その成立については諸説あるが、ローマ社会を統率する者が「コンスル」と呼ばれる以前の呼称として「プラエトル」が使われていたといわれる[1]。共和政初期には、プラエトルは軍事的な司令官の意味合いが強かった。また、階級闘争の過程で公職が開放される中で、コンスルがプレブスにも開放されたのに対して、紀元前337年クィントゥス・プブリリウス・ピロが選出されるまではプラエトルに就任できたのはパトリキ(貴族)のみであった。紀元前305年に、それまでプラエトルがこなした業務はコンスルが行うようになり、プラエトルはインペリウムを保持しつつコンスルに次ぐ公職となった。

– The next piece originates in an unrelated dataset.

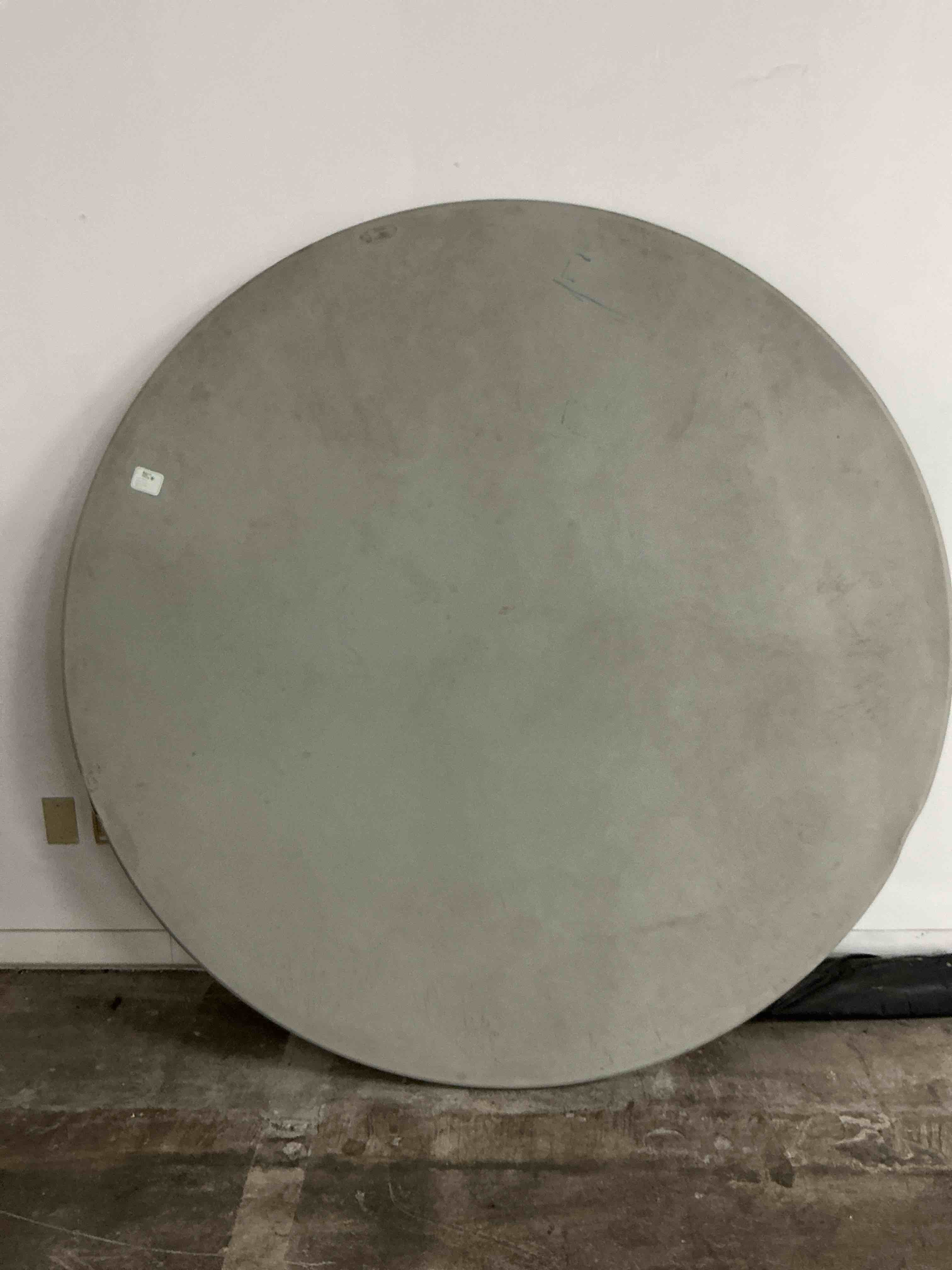 Condition photo showing As Is for (No size) National Public Seating BT-R Series Steel Frame Round Blow Molded Plastic Top Folding Table,  Speckled Gray/Gray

当初は1名であったが、紀元前244年以降増員され、ローマ市民権を保有するローマ市民に関する司法を担当する首都プラエトル(プラエトル・ウルバヌス)と、ローマに滞在する外国人の司法を担当する外国人係プラエトル(プラエトル・ペレグリヌス)の2名が首都に配置されるようになった。紀元前228年には4名に増員され(シチリア・サルディーニャ担当増員)、紀元前198年には6名(ヒスパニア担当増員)と、ローマが属州を獲得するたびに増員され、首都の2名以外はインペリウム保有者として属州総督の任にあたった。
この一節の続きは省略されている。